Updated: May 28
Everyone wants to be as present as possible for their loved ones, especially as they age or as their health declines. Unfortunately, the demands of life can pull caregivers in too many different directions, forcing them to examine new care options for their loved ones. The search for a caregiver is important, but it can be overwhelming for those who don’t know where to start.

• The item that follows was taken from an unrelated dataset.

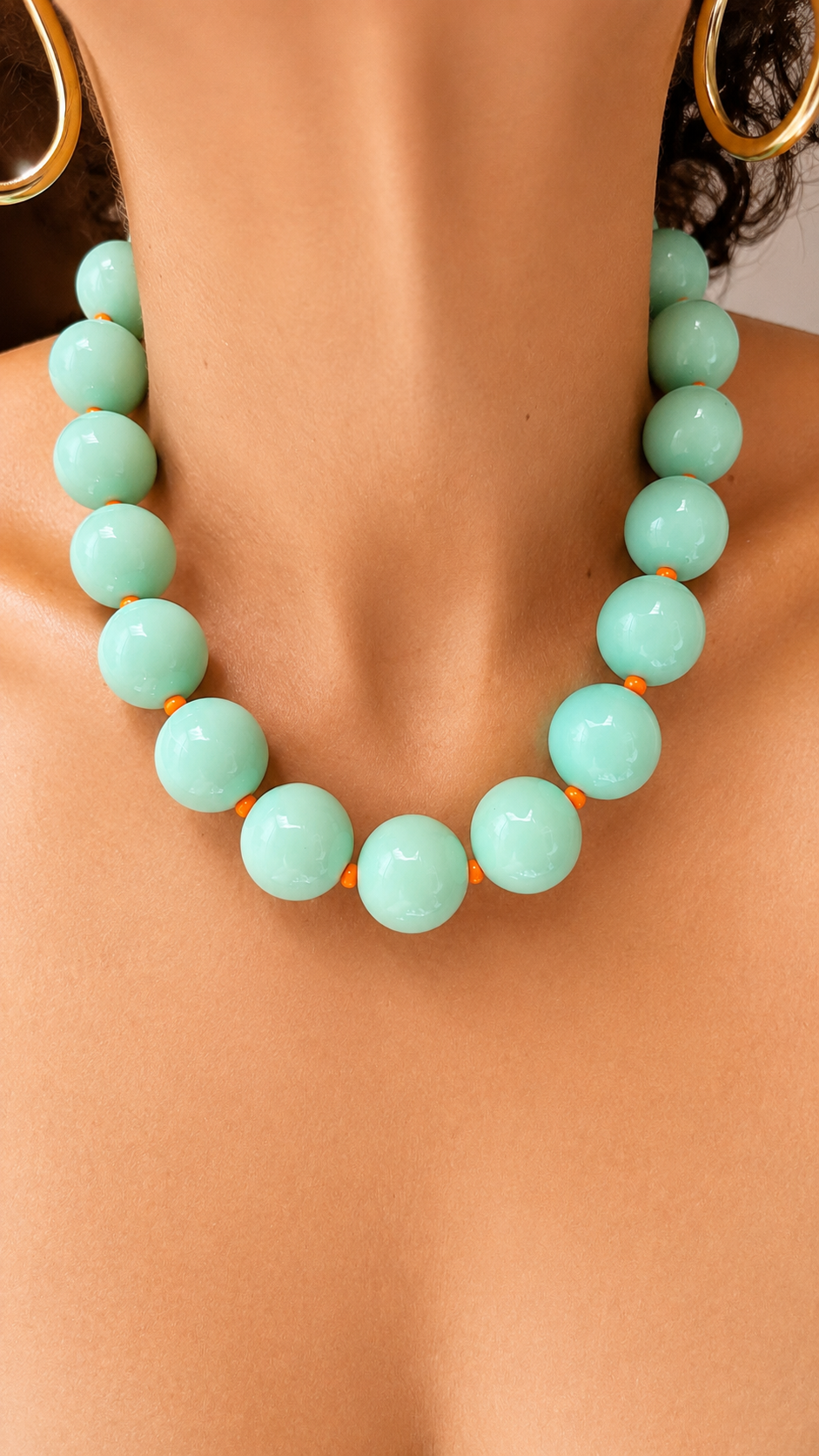 Gum Ball Necklace - 20mm- Mint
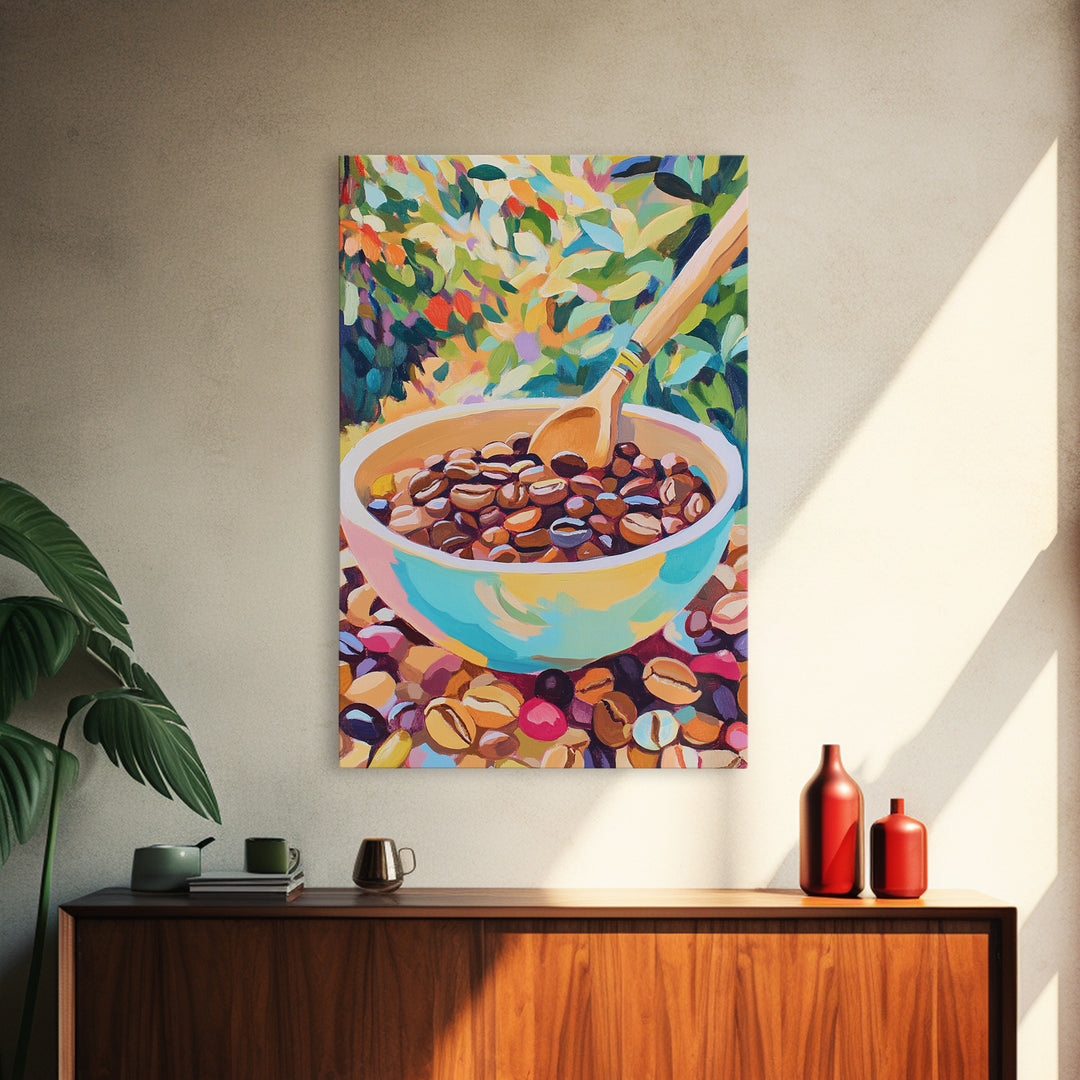 Vibrant Coffee Beans In Ceramic Bowl Canvas Print, Kitchen Wall Art, Coffee Bar Decor, Cafe Poster, Foodie Housewarming Gift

Here is a simple guide with some tips to help families get started in their caregiver search:
Assess Your Needs
Now that families have decided they need help, the next step is figuring out exactly what that assistance looks like. For some, having someone at home to help with daily tasks like laundry, bathing and mealtimes is ideal, while others just want someone to check in every so often. Depending on their own schedules, some families are able to handle the great majority of care and simply want someone to keep an eye on their loved ones for a short block of time, whereas others require more consistent or “hands-on” care. Whatever their needs are, families should get honest about their top priorities and concerns, as well as their own capabilities before moving forward in their caregiver search.
Do Your research
Putting a loved one’s care into the hands of someone else can be nerve-wracking, but today families can choose how involved they want to be in the caregiver selection process. Tools like care.com allow families to customize their caregiver experience. By visiting the site, families can set their own criteria for a caregiver (i.e. years of experience, certifications, etc.) and how soon they need help. Doing a thorough search can give families peace of mind that their loved ones are in good hands. On the other hand, if families are too overwhelmed to complete the caregiver search on their own, an agency can conveniently pair them with a caregiver based on their specific needs.
Check In With Your Loved One
Despite being the reason for this process, families can get so caught up in the stress or details of their caregiver search that they forget to check in with their sick or aging loved one. Though the need for care may not necessarily be negotiable, the person in need of care will be spending a considerable amount of their time with their new caregiver, so their opinion should be considered. Whether they’re able to help pick out their own caregiver or are allowed to weigh in on the details (like the time or day of the week), it’s important to make sure they are as included in the caregiver selection process as possible.
These are just a few simple tips to help families to consider during their caregiver search!